There is no point where sound stops acting like a wave and starts acting like a ray. Both low and high frequency sounds have characteristics of both. The larger the room, the lower the cross over point. A larger room can support lower frequency sounds (longer waves) and room modes become less important earlier. I.e. a 50 foot room will be a concern to a 30 foot wave, but a 7 foot wave will generally find support. If not a 7 foot wave exactly, then a 7.14 foot wave. Compare this to my 18 x 11 x 8 foot living room. The room dimension to 7 is 8.
Since large rooms (music halls, many churches, etc.) are difficult to analyze
and predict, it often takes a trained professional to build and treat them,
though many of these theories can be applied to them. We're mostly concerned
with mid sized rooms. Basically between bathroom sized and hall sized.

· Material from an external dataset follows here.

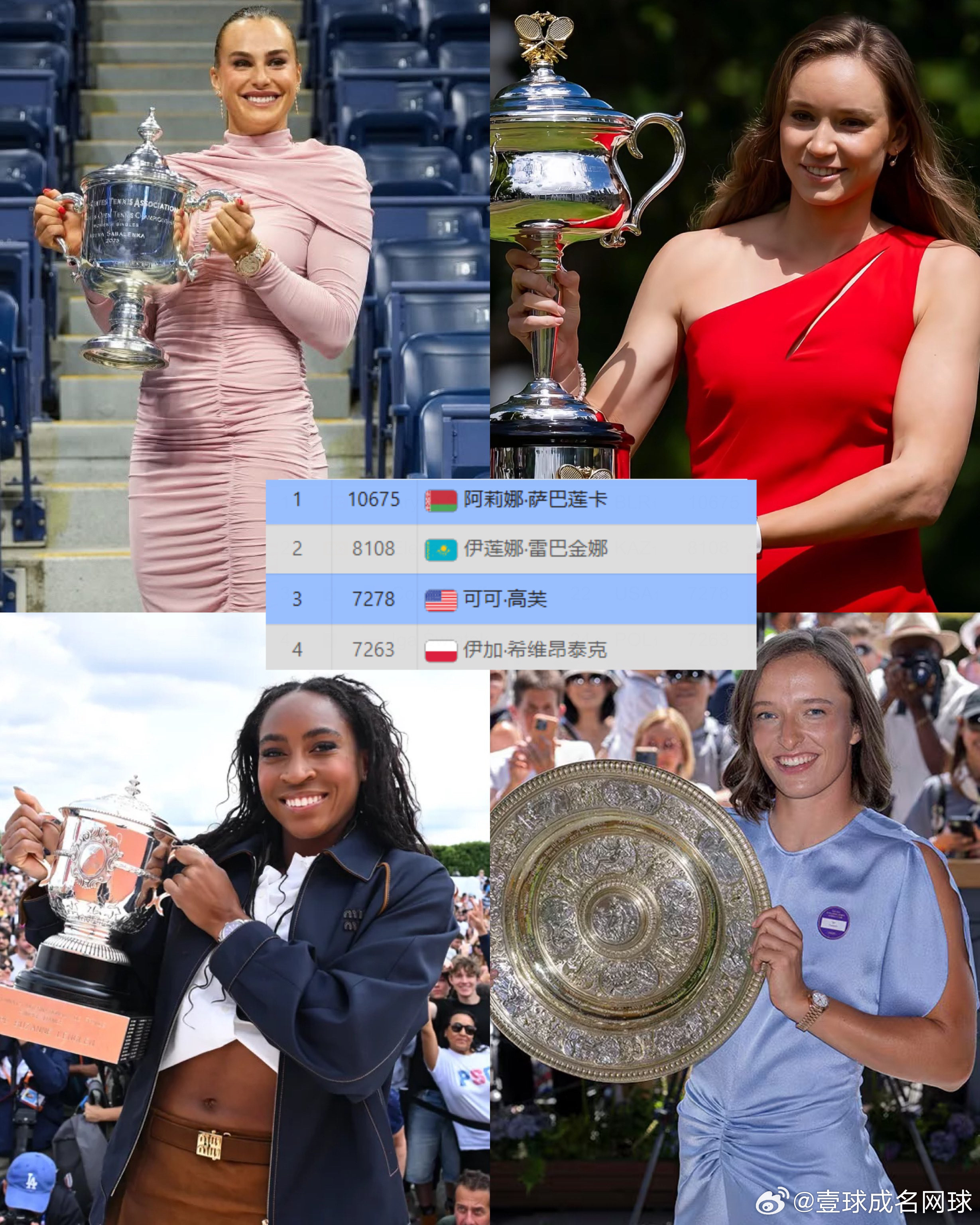 新的一周排名马上就要更新了，前4选手各自拿到了近四次大满贯其中一个！2025美网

Living
rooms, Control Rooms, Recording spaces.
White, Black and Colored Objects
Okay, so now we have a room filled with objects. A white object is one that's good at reflecting a wide variety of frequencies of light. A black object is one that's good at absorbing a wide variety of frequencies of light. A blue object is one that's good at absorbing some frequencies (red and yellow, for example) and reflecting back others (such as blue).
This is the same for sound, some objects will reflect back most of the sound energy that hits them, some will absorb most of the sound energy. Other objects will absorb at some frequencies and reflect at others.
The measuring challenge for high frequencies becomes not the size of the room, but the materials the room is built with and what's in the room. What sound 'color' does it have? Does it absorb more mids and reflect more highs, or absorb highs and reflect lows? Now, how do we measure how a material reflects sound?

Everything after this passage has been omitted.